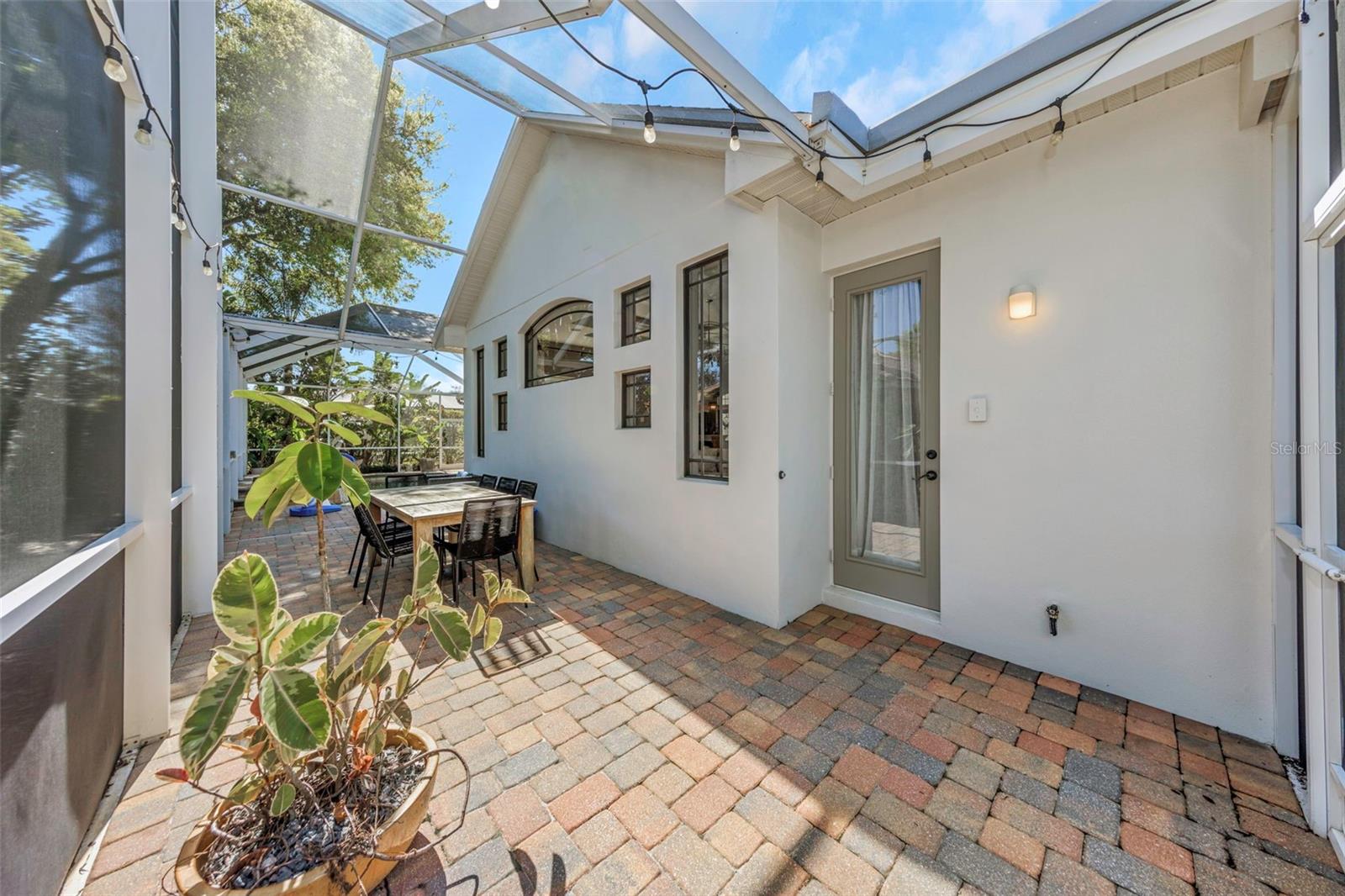 Image 36 of 73 For 3687 Janus Way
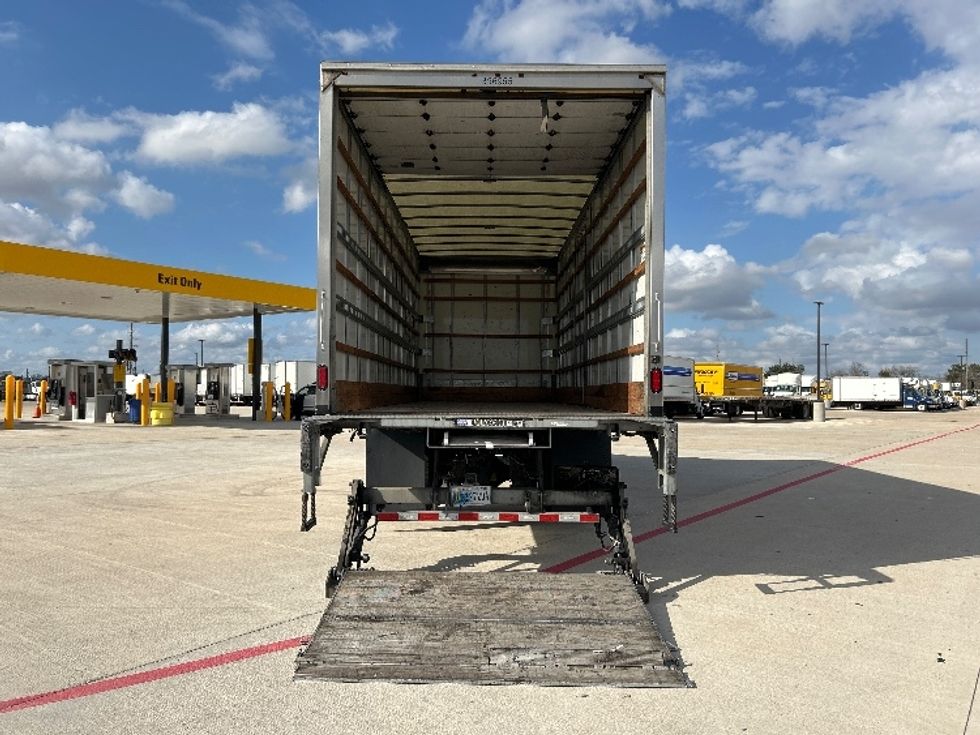 Medium Duty Box Truck-Light and Medium Duty Trucks-Freightliner-2022-M2-Houston-TX-120,762\n\t\tmiles-$ 73,500 - Image 9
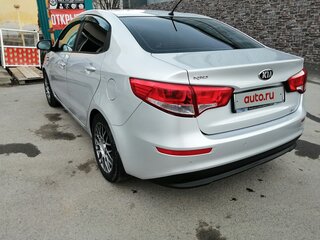 2016 Kia Rio III Рестайлинг, серебристый, 1150000 рублей, вид 5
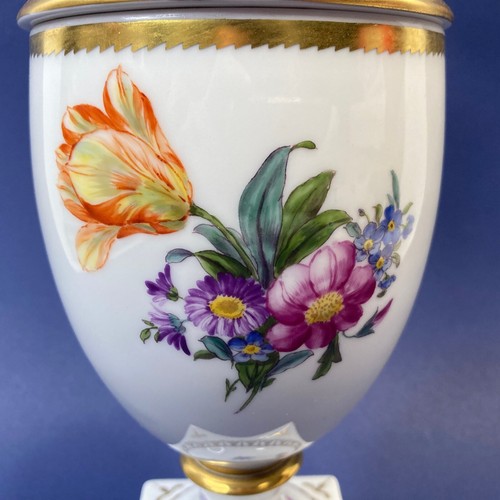 Vintage Royal Copenhagen Saxon Flowers Covered Vase - Picture 7 of 11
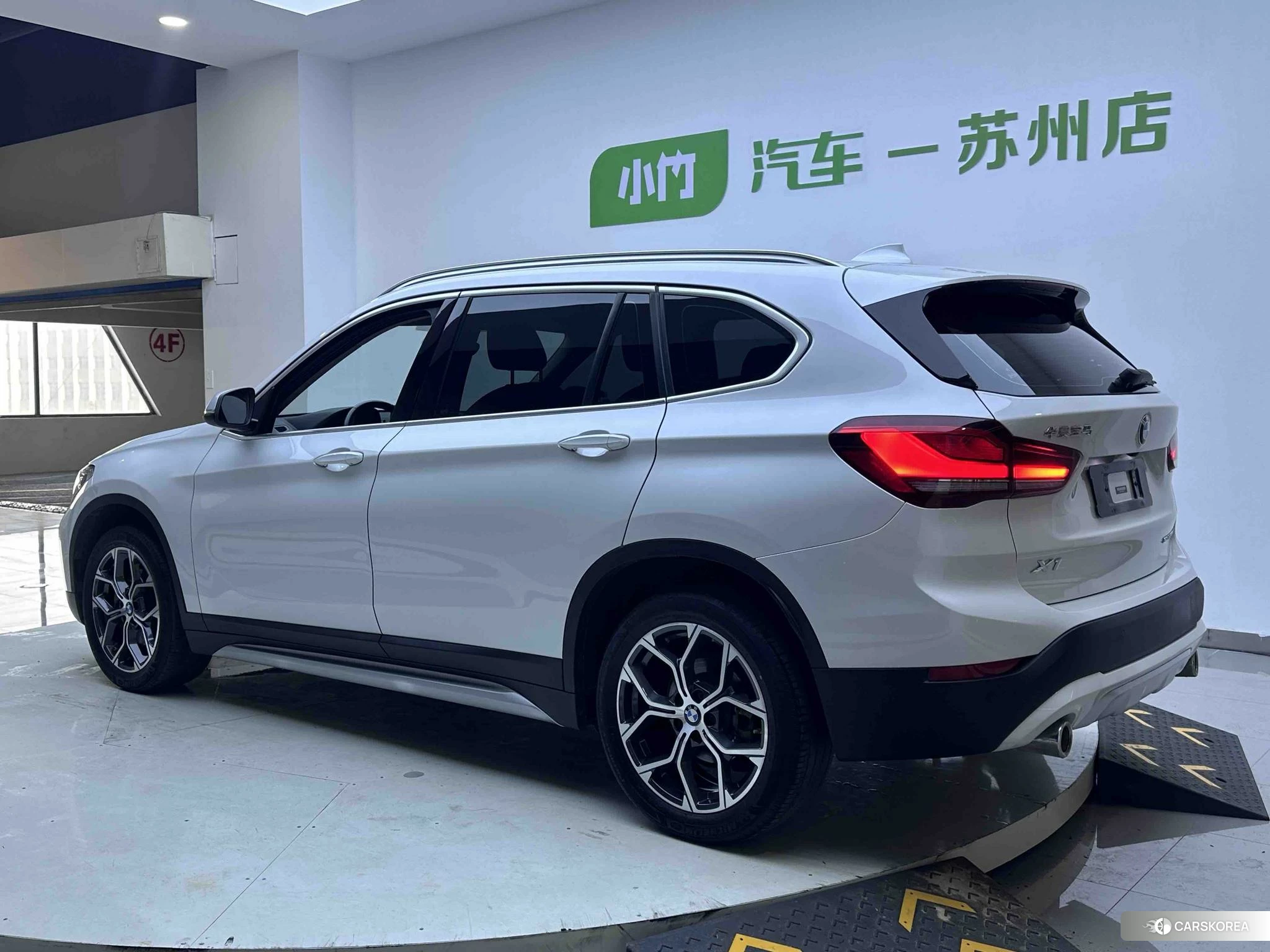 BMW X1 id 4485450 из Китая 21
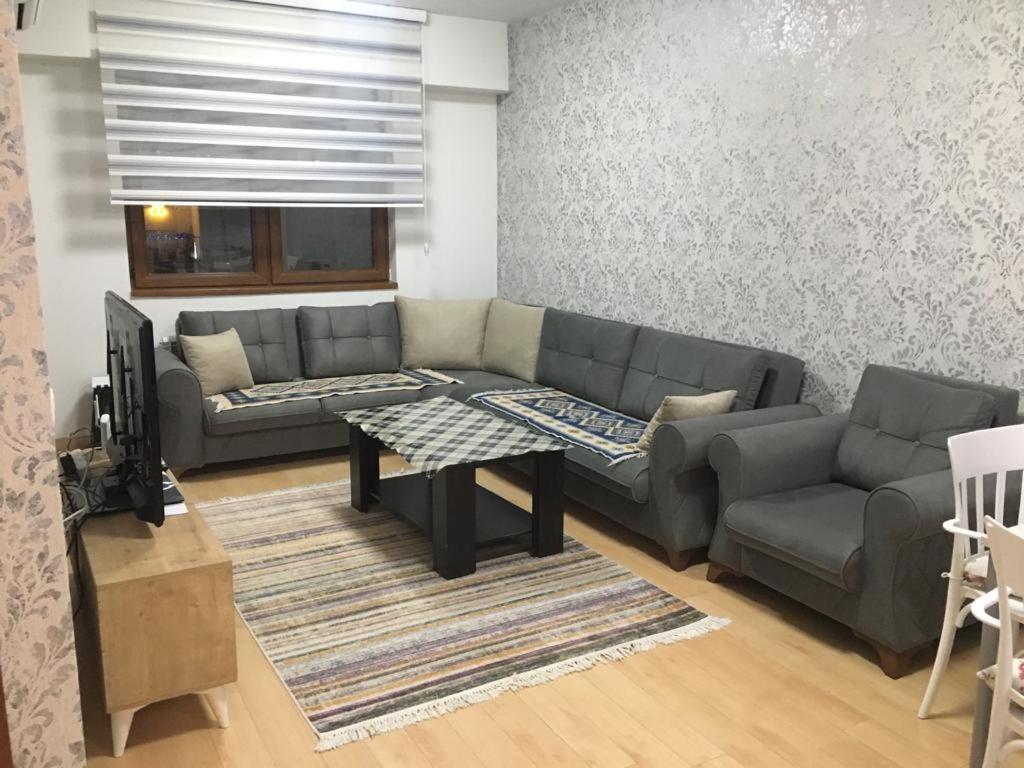 Two Rooms And Kitchen, Bathroom With Balcony Apartment Skopje Luaran gambar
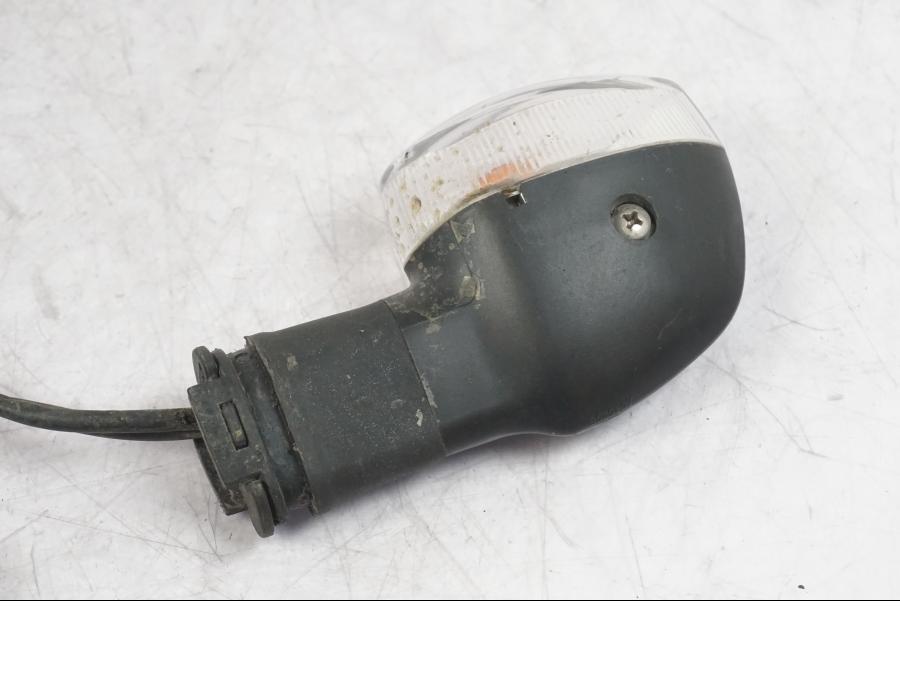 Snett uppifrån på Blinkers från en Yamaha MT-09 -2016 motorcykel.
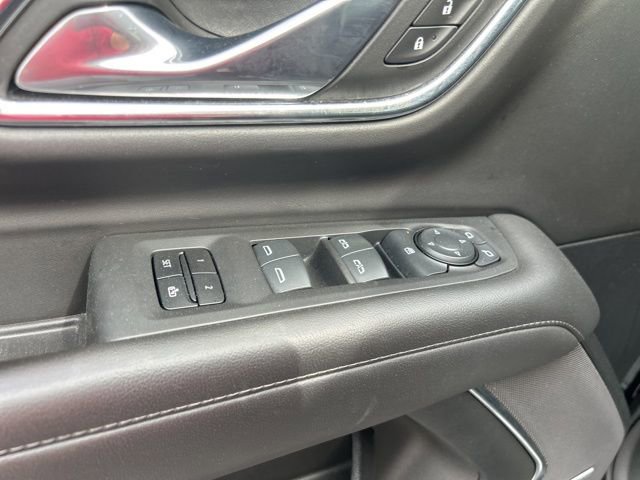 Used 2024 Chevrolet Suburban LT image 13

-------

TASK DETAILS: Could you print the listing above word for word, without its pictures?

RESPONSE BELOW:
 Image 36 of 73 For 3687 Janus Way
 Medium Duty Box Truck-Light and Medium Duty Trucks-Freightliner-2022-M2-Houston-TX-120,762\n\t\tmiles-$ 73,500 - Image 9
 2016 Kia Rio III Рестайлинг, серебристый, 1150000 рублей, вид 5
 Vintage Royal Copenhagen Saxon Flowers Covered Vase - Picture 7 of 11
 BMW X1 id 4485450 из Китая 21
 Two Rooms And Kitchen, Bathroom With Balcony Apartment Skopje Luaran gambar
 Snett uppifrån på Blinkers från en Yamaha MT-09 -2016 motorcykel.
 Used 2024 Chevrolet Suburban LT image 13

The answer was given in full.